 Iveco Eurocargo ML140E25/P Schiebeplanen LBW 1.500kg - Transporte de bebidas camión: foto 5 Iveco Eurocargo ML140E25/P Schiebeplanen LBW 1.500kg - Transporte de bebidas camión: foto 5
--
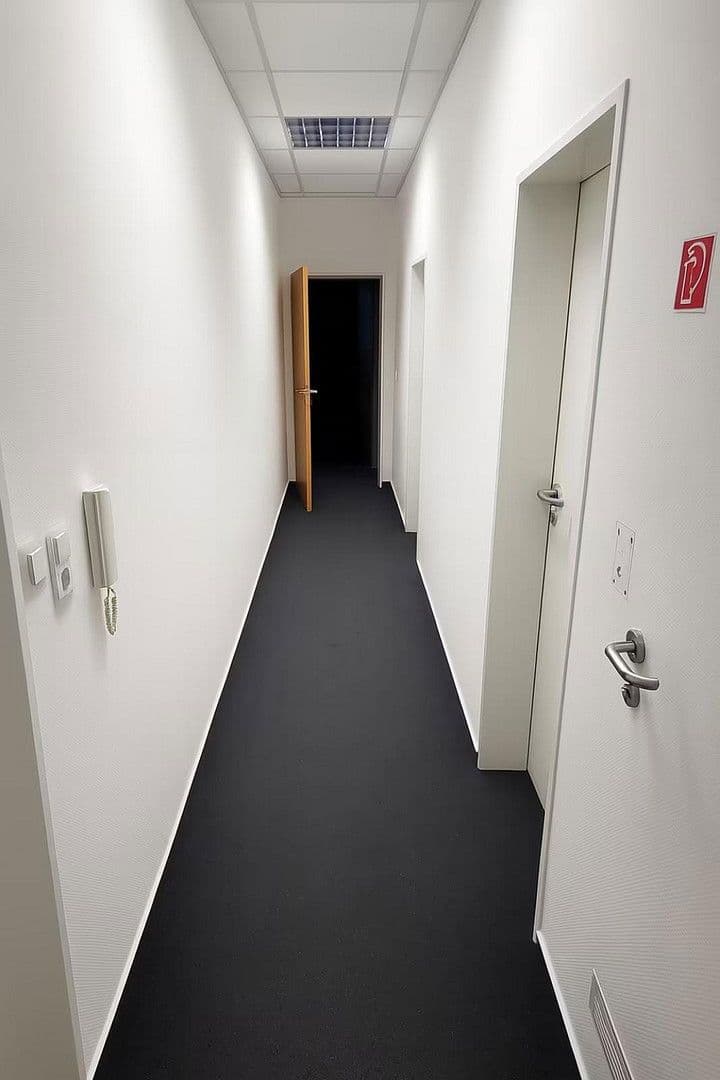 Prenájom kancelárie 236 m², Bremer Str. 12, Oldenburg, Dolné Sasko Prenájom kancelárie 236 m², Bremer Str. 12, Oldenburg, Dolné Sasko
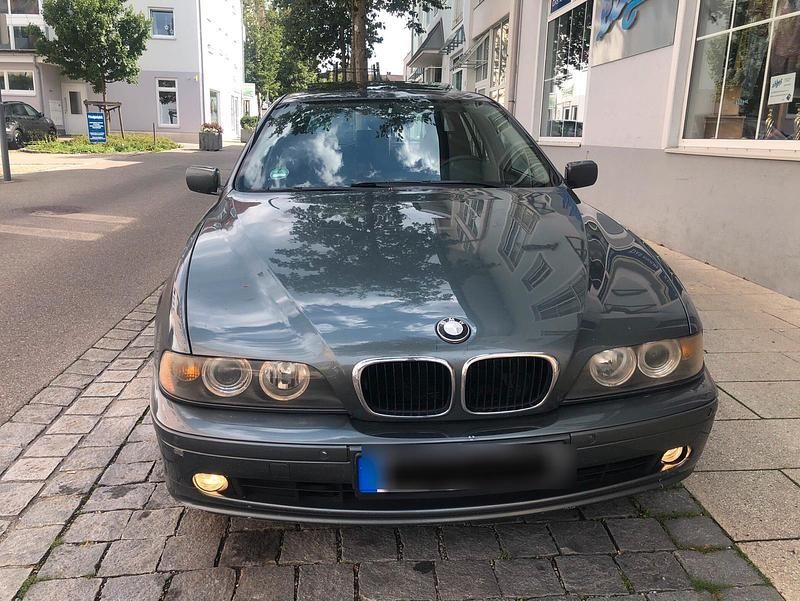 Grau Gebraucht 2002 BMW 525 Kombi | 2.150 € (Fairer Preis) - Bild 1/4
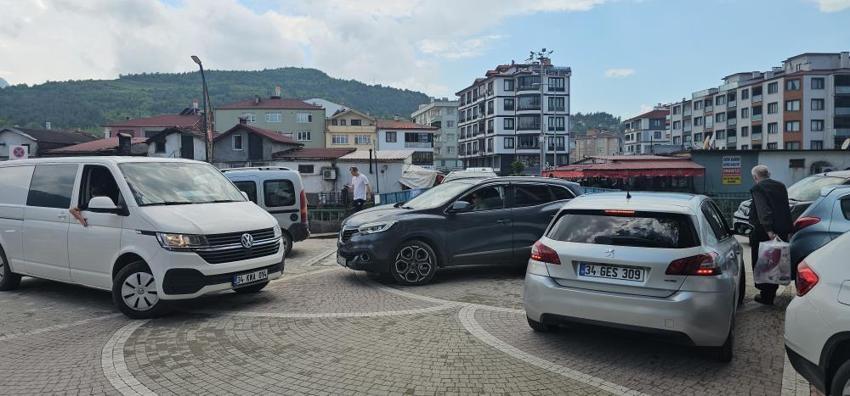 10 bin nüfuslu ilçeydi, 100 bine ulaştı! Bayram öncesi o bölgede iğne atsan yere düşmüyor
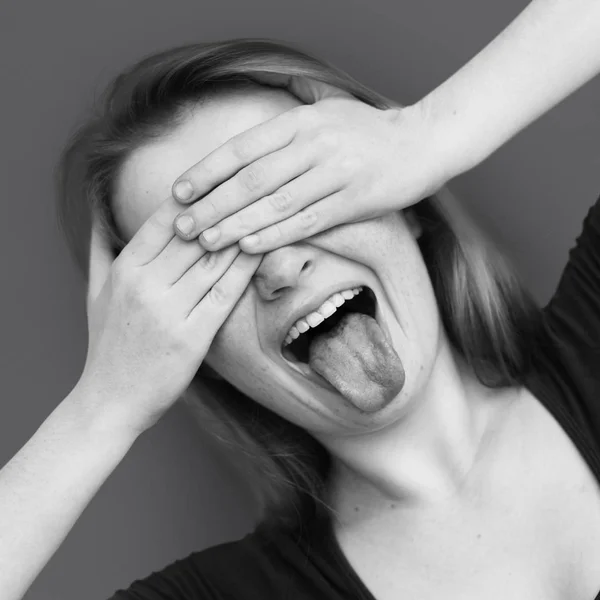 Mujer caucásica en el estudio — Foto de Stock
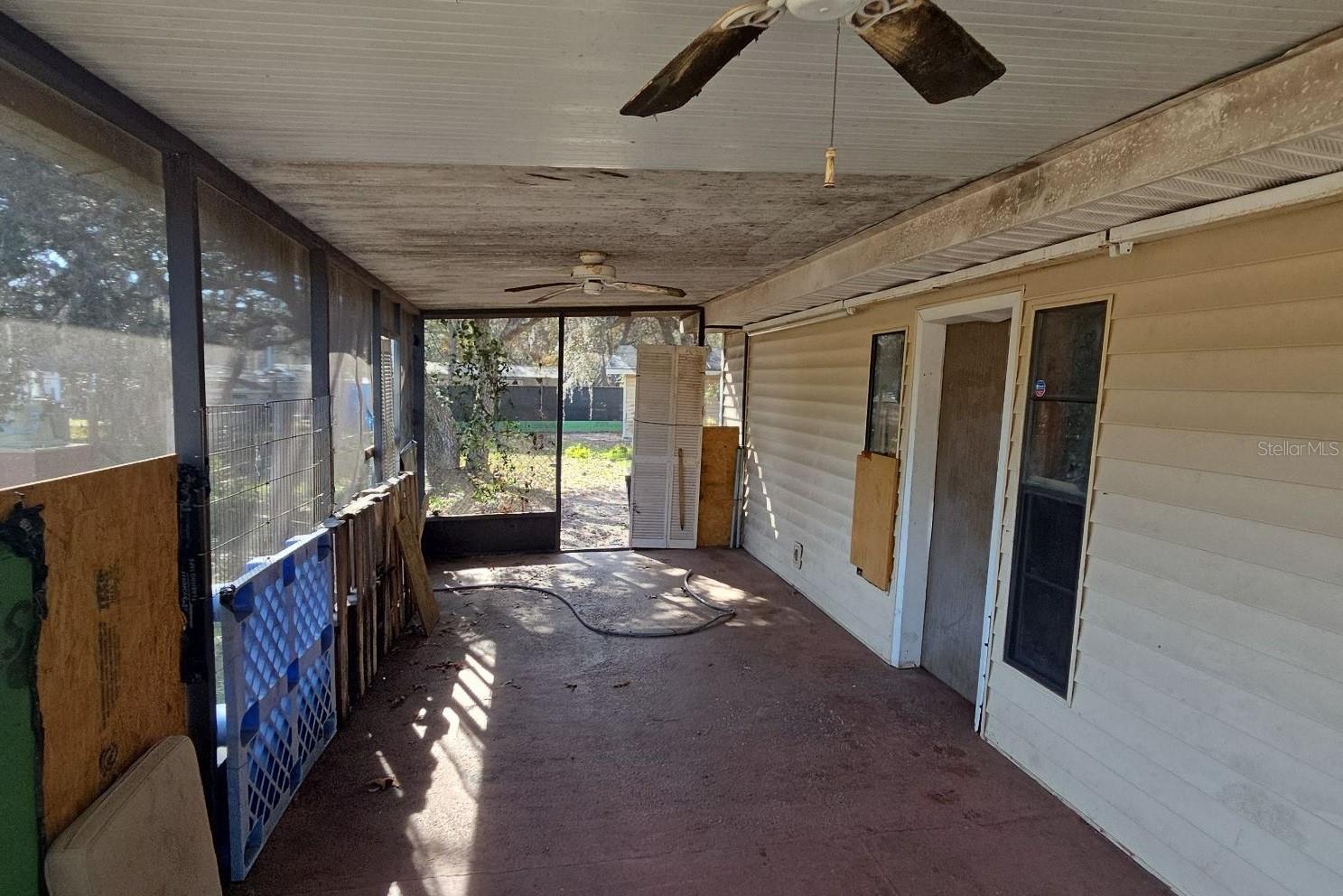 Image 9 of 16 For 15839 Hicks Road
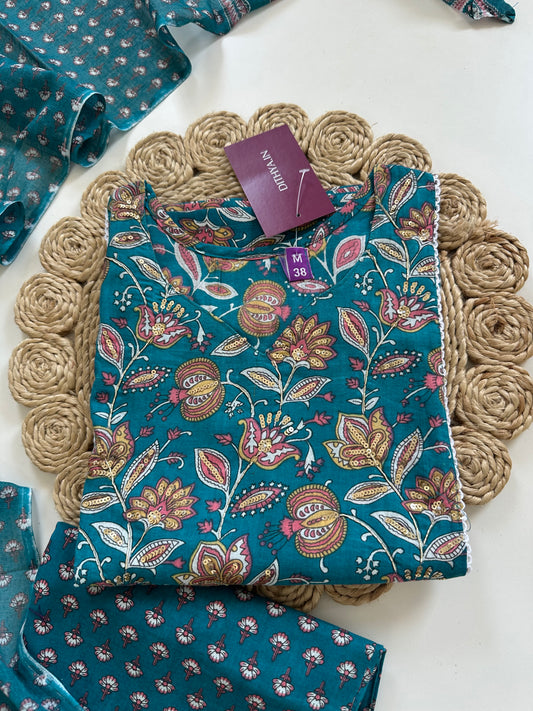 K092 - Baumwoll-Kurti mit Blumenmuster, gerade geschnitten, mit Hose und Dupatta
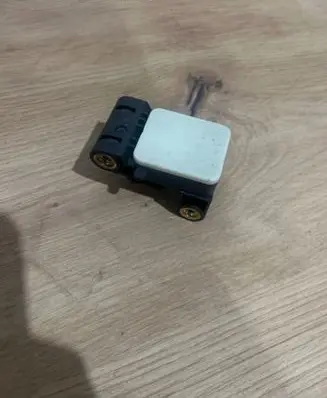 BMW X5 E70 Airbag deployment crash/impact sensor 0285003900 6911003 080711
--
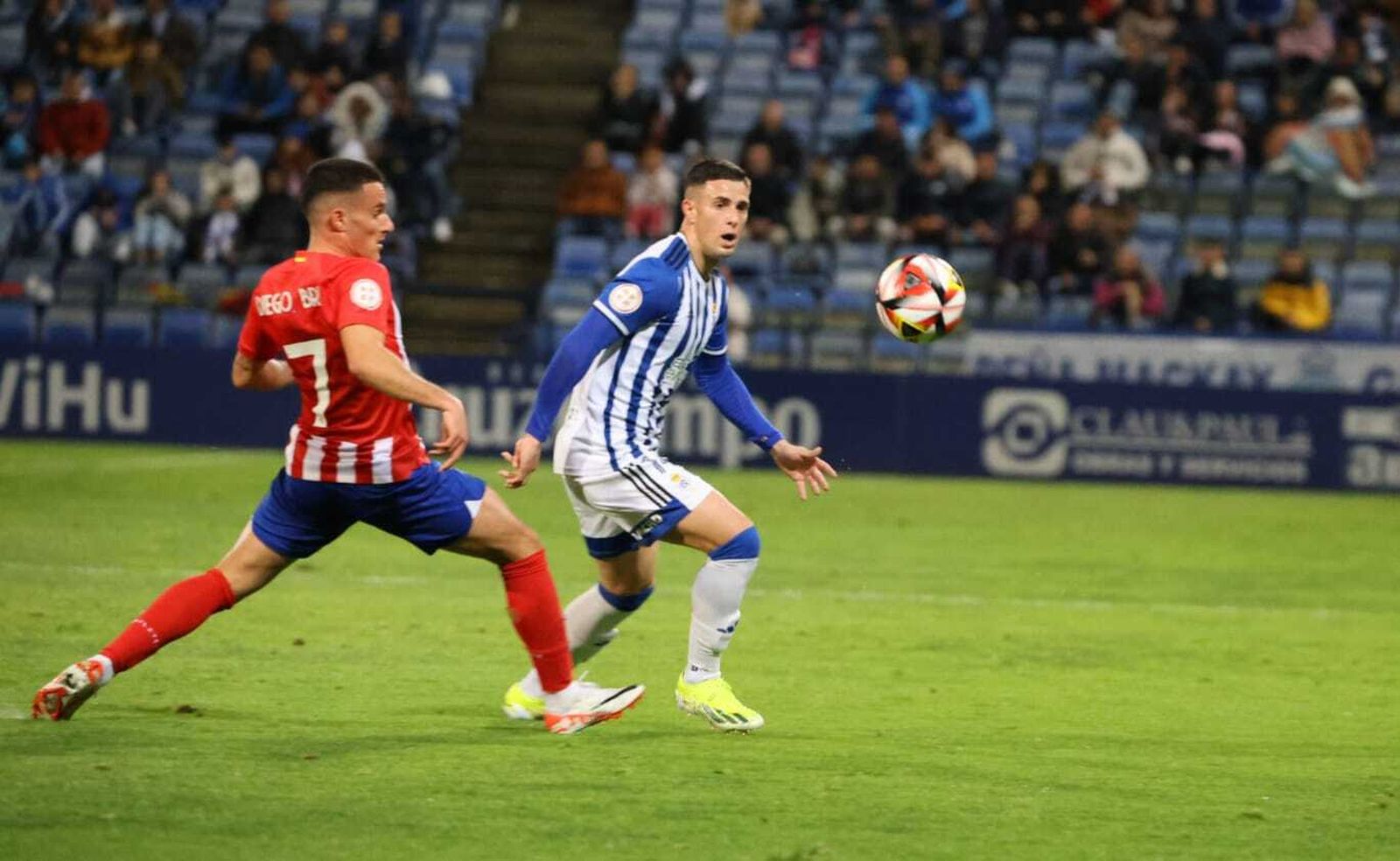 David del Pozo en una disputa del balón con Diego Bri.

Description of the task - For the entries above, print exactly the lines between the one with "10 bin nüfuslu" and the one with "BMW X5 E70 Airbag", inclusive, with no pictures.

Answer to this problem -
 10 bin nüfuslu ilçeydi, 100 bine ulaştı! Bayram öncesi o bölgede iğne atsan yere düşmüyor
 Mujer caucásica en el estudio — Foto de Stock
 Image 9 of 16 For 15839 Hicks Road
 K092 - Baumwoll-Kurti mit Blumenmuster, gerade geschnitten, mit Hose und Dupatta
 BMW X5 E70 Airbag deployment crash/impact sensor 0285003900 6911003 080711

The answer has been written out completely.